Talks and lectures often offer valuable content for a large audience. However, due to the language barrier many talks cannot reach all potential listeners. Due to their high costs, human translations are only in very few cases a feasible option.

Speech-to-speech translation technology can fill a gap, and can offer a solution for many situations, in which human interpreters and translators would be too expensive. Speech-to-speech translation systems are a combination of the technologies of automatic speech recognition (ASR), machine translation (MT), and speech synthesis.
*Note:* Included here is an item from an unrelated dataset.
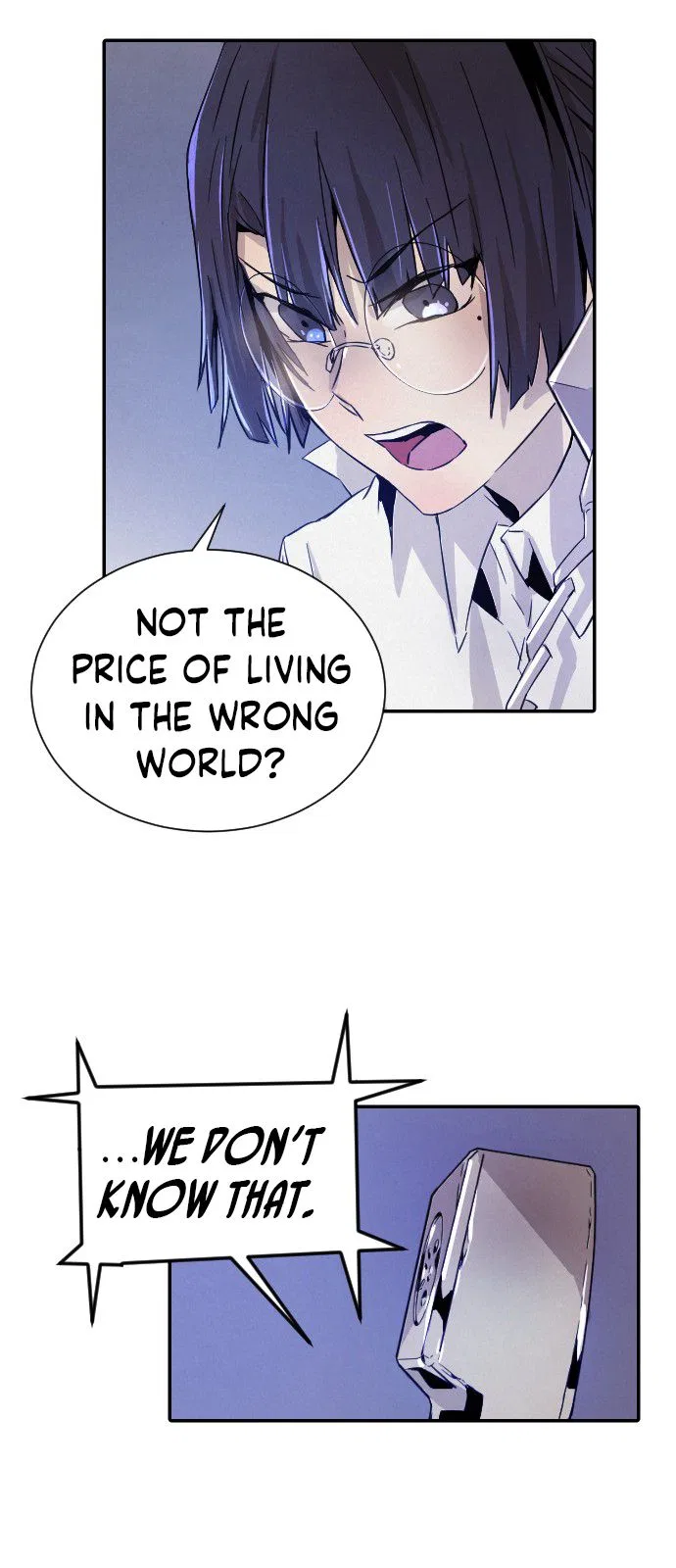 How to Kill a God Chapter 15 – Page 30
 Many interesting research aspects can be found in the area of automatic speech recognition:


Topic Adaptation

Speech recognition systems deliver their best performance, when adapted to the style and content of the speech to be recognized as closely as possible. Differencies between the topic on which the models have been trained and the topic of the speech to be recognized can lead to large drops in performance, due to out-of-vocabulary words and wrongly estimated n-gram possiblities within the language model of the recognition system.

Run-Time and Latency

Especially for the case of simultaneous translation, speech recognition has to be conducted in in real-time, and the result has to be deliverd with as little latency as possible. Only then, the listeners of the talk will be able to follow the translation and to relate the content of the lectures to the interaction of the lecturer with his audience. With respect to latency interesting questions arise with respect to the interface with the machine translation component, since, in order to be able to translate correctly, a certain amount of linguistic context needs to available to the translation component.